:: The data ::

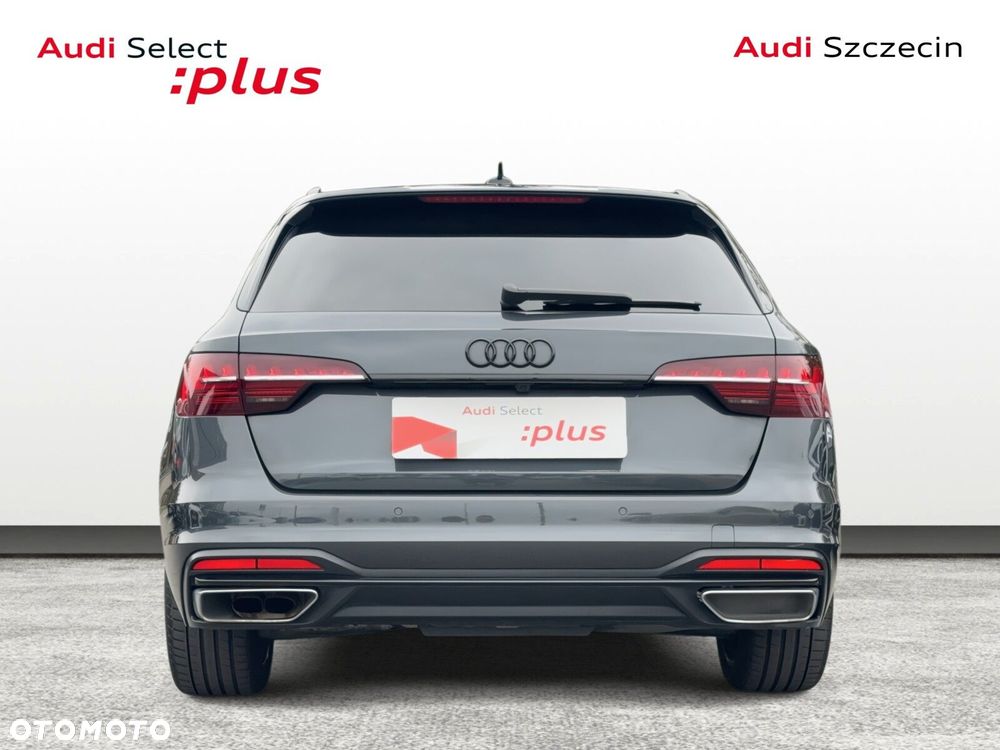Audi A4 - 4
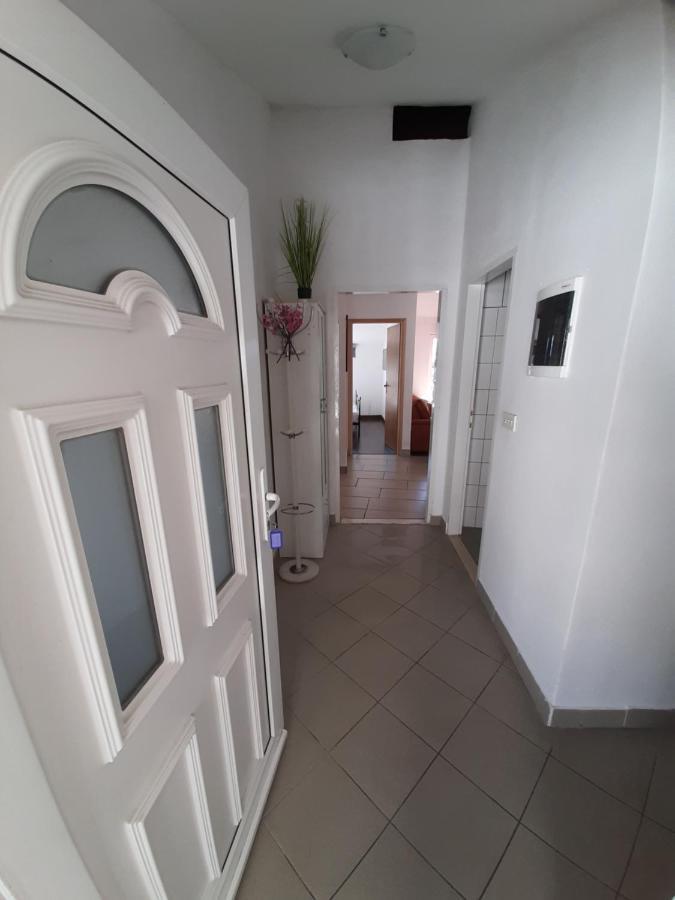 Franka Apartment *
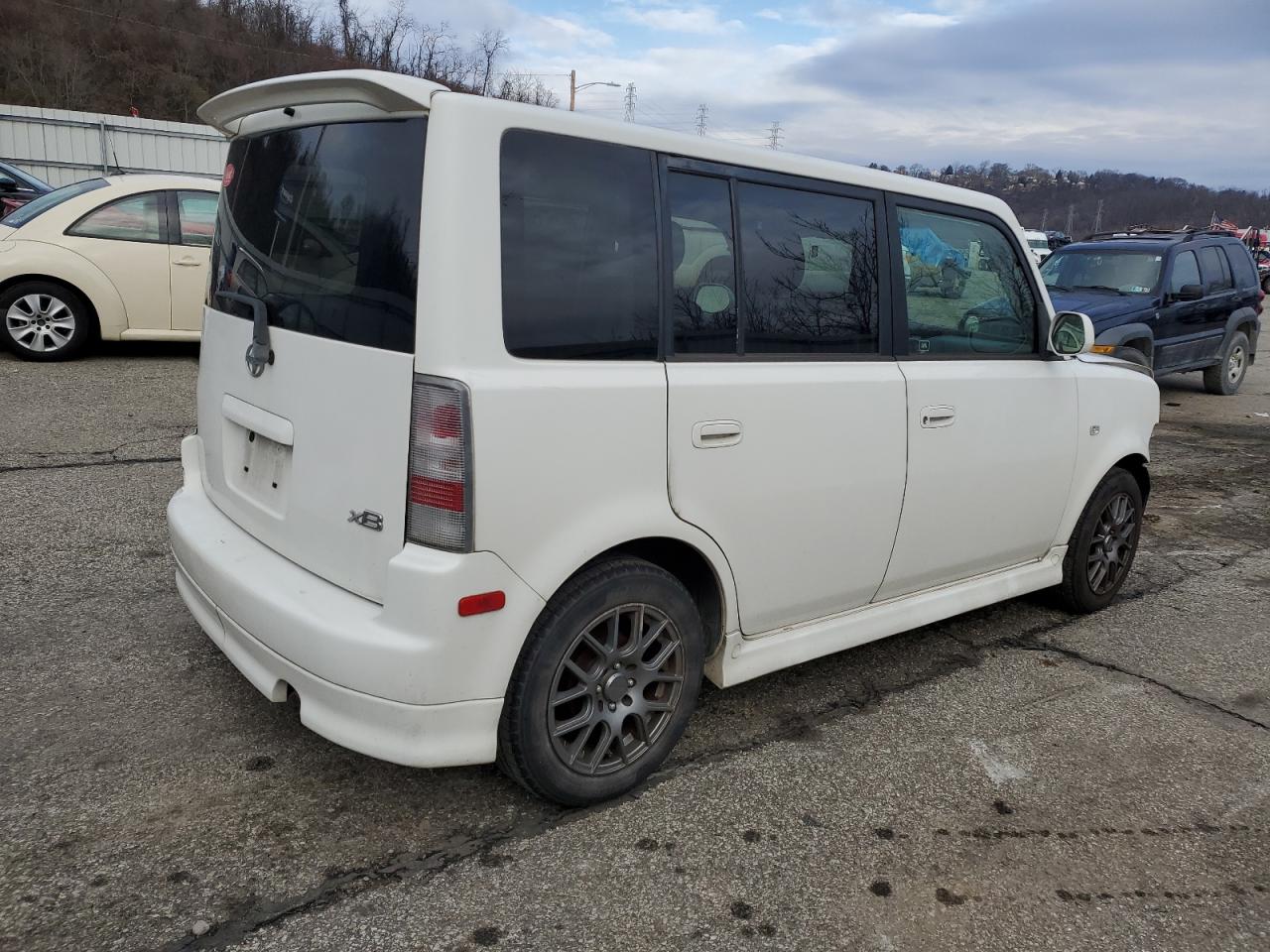 Obraz 3 z 2006 TOYOTA SCION XB 2006 z VIN JTLKT324X64096226
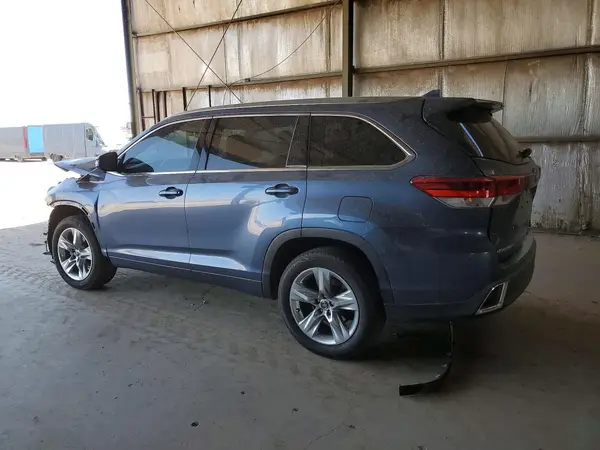 5TDYZRFH3JS245089 2018 TOYOTA HIGHLANDER - Image 2
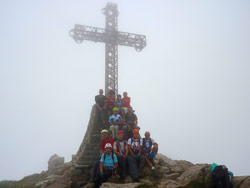 CAI Verbano - Ferrata del Limbo al Monte Mucrone: foto di gruppo sotto la Croce dell'anticima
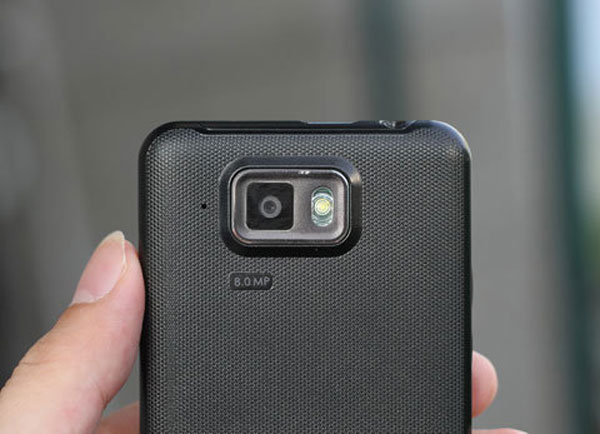 Smartphone hai sim dùng màn hình Super AMOLED đầu tiên ở VN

:::

* Problem details *
The lines to copy run from the line containing "CAI Verbano - Ferrata" through the end of the data above; copy exactly those, minus the pictures.

* Answer space *
 CAI Verbano - Ferrata del Limbo al Monte Mucrone: foto di gruppo sotto la Croce dell'anticima
 Smartphone hai sim dùng màn hình Super AMOLED đầu tiên ở VN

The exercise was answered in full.